The company said the falsification was about 4% of first-quarter sales (Q1 2019). This was around the same period the company was preparing for its New York Stock Exchange IPO.

The eCommerce company said the falsification was made through deals made through a team of independent Nigerian sales consultants called J-Force. The transactions in question amounted to 2% of 2018 gross merchandise volume.

The admittance of wrongdoing is coming on the heels of Jumia’s loss-making first-quarter result which could complicate its half-year result.

For its second-quarter result, Jumia said its losses rose by 60% to 66.7 million euros. While the company blamed an increase in costs related to the vesting of share options following the IPO, the result further shows Jumia is many more years away from profitability. Jumia’s first-quarter result also showed that its negative adjusted EBITDA rose to €39.5 million compared to €30.2 million loss reported in 2018 within the same period.

However, Jumia has now canceled its target of profitability for this year to 2022. It would be recalled that Jumia’s CFO had in 2016 said in an analyst call that Jumia would break-even in 2019.

The admittance of wrongdoing in its sales practices seems to tally with the allegations of Citron Research.

Few months after its initial public offering, Citron published research which alleged that Jumia’s active customer base, as well as other metrics, were falsified in the filings for the IPO.

While Jumia did not respond to the report, Citron challenged the company to a public debate and promised to donate a total of N100 million to a Nigerian charity should Jumia accept the challenge.

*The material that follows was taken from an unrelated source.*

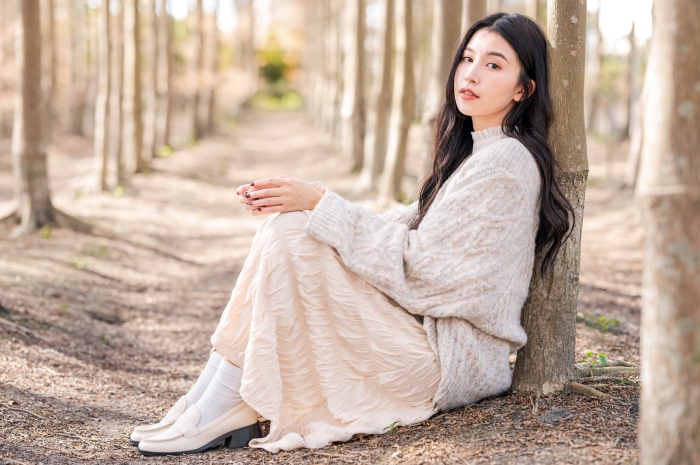 Asian woman with black hair in a forest
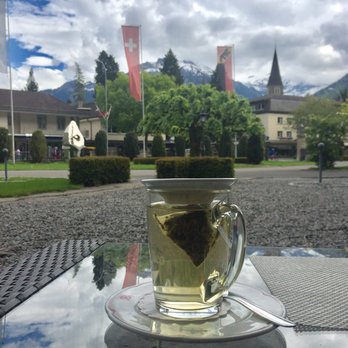 Lindner Grand Hotel Beau Rivage - Complimentary afternoon tea on the outside patio. - Hotels Near Me - Interlaken, BE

In the preamble to the report, Citron said:

“In 18 years of publishing, Citron has never seen such an obvious fraud as Jumia. As the media in the US is naively anointing Jumia the “Amazon of Africa”, the media in its home country of Nigeria has a plethora of articles discussing the widespread fraud in this Nigerian company. Not even that elusive Nigerian prince can cover this one up.

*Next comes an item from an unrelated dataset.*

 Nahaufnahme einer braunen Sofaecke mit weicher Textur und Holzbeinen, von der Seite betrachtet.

Jumia is the worst abuse of the IPO system since the Chinese RTO fraud boom almost a decade ago. Worse than being “the most expensive” US listed e-commerce company, Jumia reported financials show us a stagnant business that has burned through $1 billion and has moved the suckers game to the US Markets.

In this report, Citron will expose the SMOKING GUN and show why the equity is WORTHLESS. We believe investors cannot rely on reported numbers and a restatement of financials is on the horizon. The SEC must protect US Investors.”

Based on Citron’s report, if the evidence presented is found out to be through, executives at the company could be indicted for securities fraud.

This is because Citron cited a confidential investor presentation that allegedly presented different figures to investors compared to the company’s filings with US Securities and Exchange Commission, SEC.

“Citron has obtained a copy of Jumia’s confidential investor presentation from October 2018 that was being used to market to investors late last year and is NOT what they told the SEC.”

“We will present some of many MATERIAL DISCREPANCIES in reported key financial metrics when comparing this confidential document with Jumia’s F-1 filing from last month.”

“When a company markets to investors ahead of its IPO and then a few months later omits material facts and makes material changes to its key financial metrics to make the business seem viable, this is SECURITIES FRAUD.”